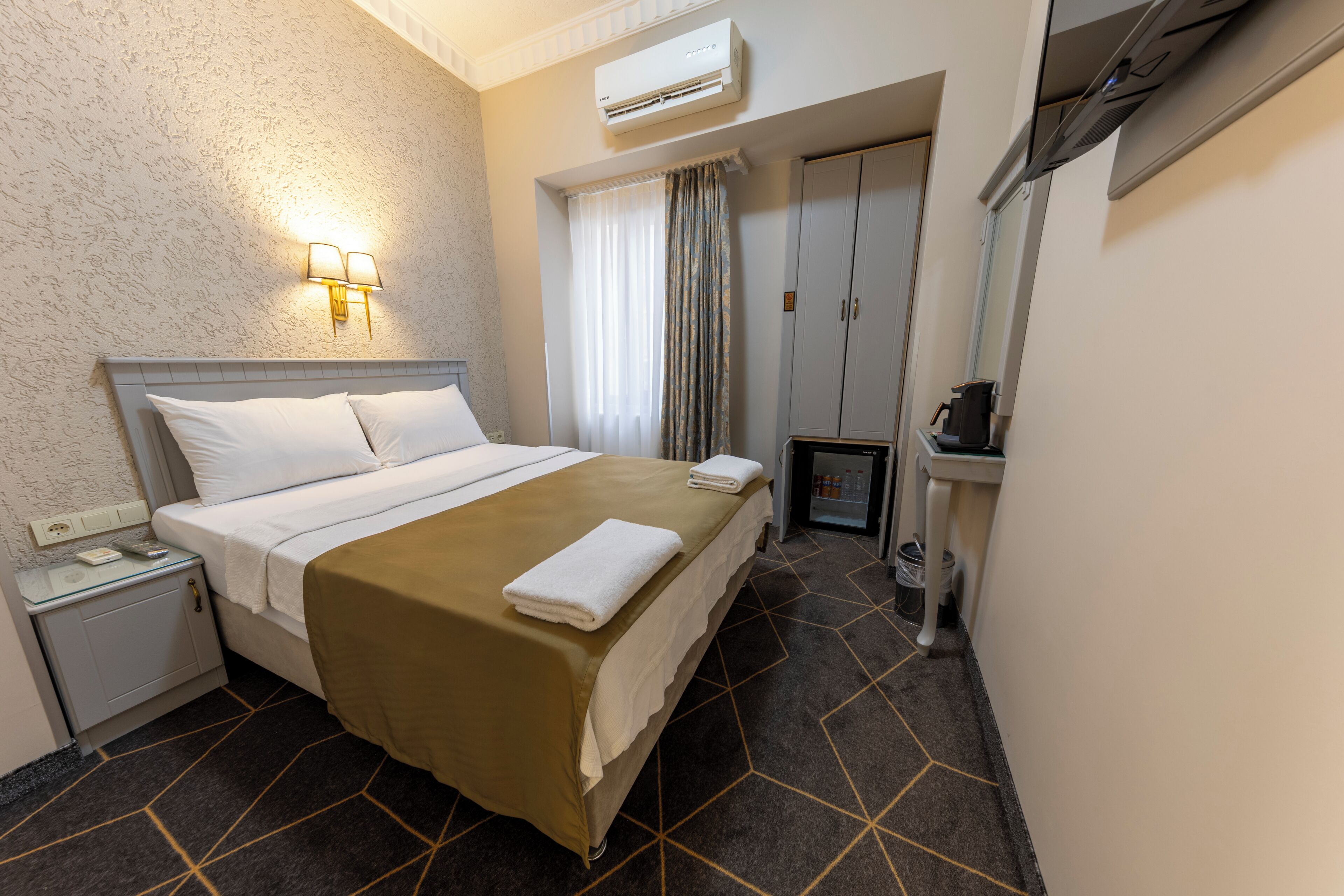 Economy Room | Egyptian cotton sheets, premium bedding, minibar (some free items)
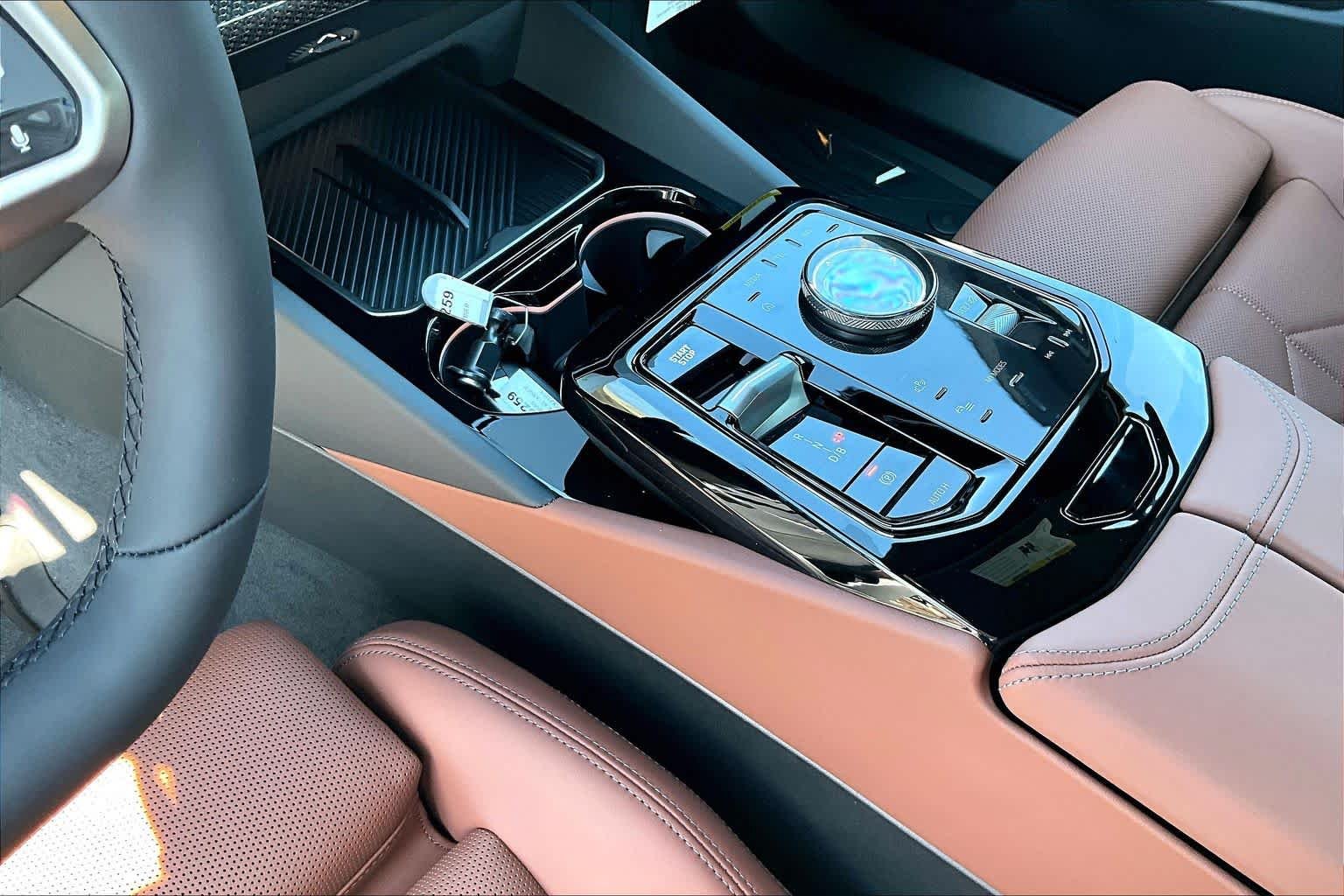 New 2026 Mineral White Metallic BMW eDrive40 image 8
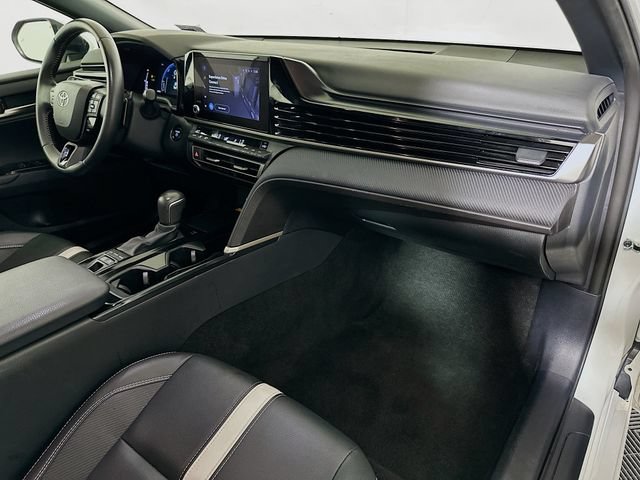 Certified 2025 Toyota Camry SE FWD image 29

EXERCISE DESCRIPTION: Output the listing exactly, without images.

REPLY TO THE TASK:
 Economy Room | Egyptian cotton sheets, premium bedding, minibar (some free items)
 New 2026 Mineral White Metallic BMW eDrive40 image 8
 Certified 2025 Toyota Camry SE FWD image 29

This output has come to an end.